- _Your goal_
When you reach the line containing "Юбка Shyx LANA, белый" in the entries below, start writing out each line exactly, and stop after the line containing "Coussinet de palier, stabilisateur".

● ● ●

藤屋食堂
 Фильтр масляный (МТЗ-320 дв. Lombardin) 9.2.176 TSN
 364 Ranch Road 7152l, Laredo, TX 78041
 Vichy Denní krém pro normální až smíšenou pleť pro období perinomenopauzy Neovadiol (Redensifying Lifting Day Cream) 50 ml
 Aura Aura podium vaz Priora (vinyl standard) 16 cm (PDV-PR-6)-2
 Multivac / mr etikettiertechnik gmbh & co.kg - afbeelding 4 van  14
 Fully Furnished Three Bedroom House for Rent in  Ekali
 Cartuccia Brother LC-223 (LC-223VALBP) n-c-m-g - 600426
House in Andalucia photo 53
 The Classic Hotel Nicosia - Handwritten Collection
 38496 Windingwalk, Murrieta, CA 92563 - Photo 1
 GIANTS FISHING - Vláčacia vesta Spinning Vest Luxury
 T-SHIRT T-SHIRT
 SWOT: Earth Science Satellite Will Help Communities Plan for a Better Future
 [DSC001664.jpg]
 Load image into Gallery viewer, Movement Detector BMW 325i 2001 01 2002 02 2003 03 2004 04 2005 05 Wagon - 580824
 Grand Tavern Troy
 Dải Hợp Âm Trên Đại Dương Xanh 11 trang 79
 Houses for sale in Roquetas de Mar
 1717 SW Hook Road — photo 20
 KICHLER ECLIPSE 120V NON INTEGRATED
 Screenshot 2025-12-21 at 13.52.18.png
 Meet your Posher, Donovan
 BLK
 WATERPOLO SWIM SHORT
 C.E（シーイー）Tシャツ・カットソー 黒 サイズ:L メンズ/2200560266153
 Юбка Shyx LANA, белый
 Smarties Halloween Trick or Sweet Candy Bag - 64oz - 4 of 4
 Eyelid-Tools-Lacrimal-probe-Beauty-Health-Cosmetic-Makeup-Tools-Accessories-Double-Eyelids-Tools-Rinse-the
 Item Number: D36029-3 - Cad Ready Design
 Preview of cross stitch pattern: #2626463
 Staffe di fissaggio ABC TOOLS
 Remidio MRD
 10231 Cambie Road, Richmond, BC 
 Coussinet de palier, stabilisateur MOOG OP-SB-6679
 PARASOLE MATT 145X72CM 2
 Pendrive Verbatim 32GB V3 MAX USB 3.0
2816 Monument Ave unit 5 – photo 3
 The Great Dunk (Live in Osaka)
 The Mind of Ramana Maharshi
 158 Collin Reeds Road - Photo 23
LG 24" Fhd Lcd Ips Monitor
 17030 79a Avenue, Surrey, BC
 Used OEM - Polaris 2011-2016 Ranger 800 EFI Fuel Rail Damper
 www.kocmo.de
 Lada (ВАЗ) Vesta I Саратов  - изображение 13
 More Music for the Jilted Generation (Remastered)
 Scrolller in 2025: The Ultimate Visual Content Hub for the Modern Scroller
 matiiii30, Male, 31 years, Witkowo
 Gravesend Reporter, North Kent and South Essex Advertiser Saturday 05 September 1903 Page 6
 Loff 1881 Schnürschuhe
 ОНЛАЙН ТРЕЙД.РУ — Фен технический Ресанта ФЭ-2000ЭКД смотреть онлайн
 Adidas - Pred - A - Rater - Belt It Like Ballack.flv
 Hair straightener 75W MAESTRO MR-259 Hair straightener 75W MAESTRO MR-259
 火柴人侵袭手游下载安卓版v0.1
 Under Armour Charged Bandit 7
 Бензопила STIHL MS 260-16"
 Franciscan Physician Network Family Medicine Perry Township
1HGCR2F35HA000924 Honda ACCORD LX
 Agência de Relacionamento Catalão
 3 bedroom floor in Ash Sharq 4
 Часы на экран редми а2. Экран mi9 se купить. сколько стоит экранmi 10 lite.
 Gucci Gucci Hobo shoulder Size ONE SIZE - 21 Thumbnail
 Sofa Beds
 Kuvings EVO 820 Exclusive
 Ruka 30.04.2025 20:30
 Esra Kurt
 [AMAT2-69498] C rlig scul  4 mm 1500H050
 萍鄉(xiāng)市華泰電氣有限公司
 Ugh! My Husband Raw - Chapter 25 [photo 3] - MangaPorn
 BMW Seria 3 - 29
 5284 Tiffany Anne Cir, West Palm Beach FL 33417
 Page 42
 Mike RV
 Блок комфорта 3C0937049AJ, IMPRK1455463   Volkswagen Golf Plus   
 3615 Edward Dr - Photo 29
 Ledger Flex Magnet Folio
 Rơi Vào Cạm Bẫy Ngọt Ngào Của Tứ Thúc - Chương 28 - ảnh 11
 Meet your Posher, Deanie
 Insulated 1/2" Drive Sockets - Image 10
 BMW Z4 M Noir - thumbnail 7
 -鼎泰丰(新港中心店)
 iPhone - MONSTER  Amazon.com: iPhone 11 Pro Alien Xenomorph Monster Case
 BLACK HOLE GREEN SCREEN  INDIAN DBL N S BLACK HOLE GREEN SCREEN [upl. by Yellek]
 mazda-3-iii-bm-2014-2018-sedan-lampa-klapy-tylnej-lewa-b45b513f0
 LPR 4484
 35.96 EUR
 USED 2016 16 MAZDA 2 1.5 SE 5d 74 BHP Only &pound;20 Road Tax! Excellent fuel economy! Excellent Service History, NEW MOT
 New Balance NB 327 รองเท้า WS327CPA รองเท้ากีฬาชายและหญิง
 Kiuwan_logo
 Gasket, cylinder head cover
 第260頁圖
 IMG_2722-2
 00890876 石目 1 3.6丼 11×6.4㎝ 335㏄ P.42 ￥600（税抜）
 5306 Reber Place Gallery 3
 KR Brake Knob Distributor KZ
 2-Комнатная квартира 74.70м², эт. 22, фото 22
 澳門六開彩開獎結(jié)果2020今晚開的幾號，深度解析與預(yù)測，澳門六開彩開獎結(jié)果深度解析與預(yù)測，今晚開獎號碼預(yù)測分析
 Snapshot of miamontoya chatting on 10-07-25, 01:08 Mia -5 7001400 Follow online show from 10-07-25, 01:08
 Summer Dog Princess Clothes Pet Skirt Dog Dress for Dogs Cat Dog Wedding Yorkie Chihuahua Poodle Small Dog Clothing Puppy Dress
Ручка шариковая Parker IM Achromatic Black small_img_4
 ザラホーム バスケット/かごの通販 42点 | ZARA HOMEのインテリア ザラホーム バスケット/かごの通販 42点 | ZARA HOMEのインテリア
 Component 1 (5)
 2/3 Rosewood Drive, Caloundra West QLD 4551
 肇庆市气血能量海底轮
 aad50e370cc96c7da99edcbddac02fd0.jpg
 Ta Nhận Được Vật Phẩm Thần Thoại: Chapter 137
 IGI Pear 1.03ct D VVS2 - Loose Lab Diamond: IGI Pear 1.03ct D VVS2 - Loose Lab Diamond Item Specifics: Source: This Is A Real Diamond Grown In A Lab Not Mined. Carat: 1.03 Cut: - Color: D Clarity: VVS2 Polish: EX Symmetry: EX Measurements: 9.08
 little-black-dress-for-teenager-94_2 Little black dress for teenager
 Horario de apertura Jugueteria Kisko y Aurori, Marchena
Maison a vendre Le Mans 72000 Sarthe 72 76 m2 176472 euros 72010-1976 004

● ● ●

- _Completed task_
 Юбка Shyx LANA, белый
 Smarties Halloween Trick or Sweet Candy Bag - 64oz - 4 of 4
 Eyelid-Tools-Lacrimal-probe-Beauty-Health-Cosmetic-Makeup-Tools-Accessories-Double-Eyelids-Tools-Rinse-the
 Item Number: D36029-3 - Cad Ready Design
 Preview of cross stitch pattern: #2626463
 Staffe di fissaggio ABC TOOLS
 Remidio MRD
 10231 Cambie Road, Richmond, BC 
 Coussinet de palier, stabilisateur MOOG OP-SB-6679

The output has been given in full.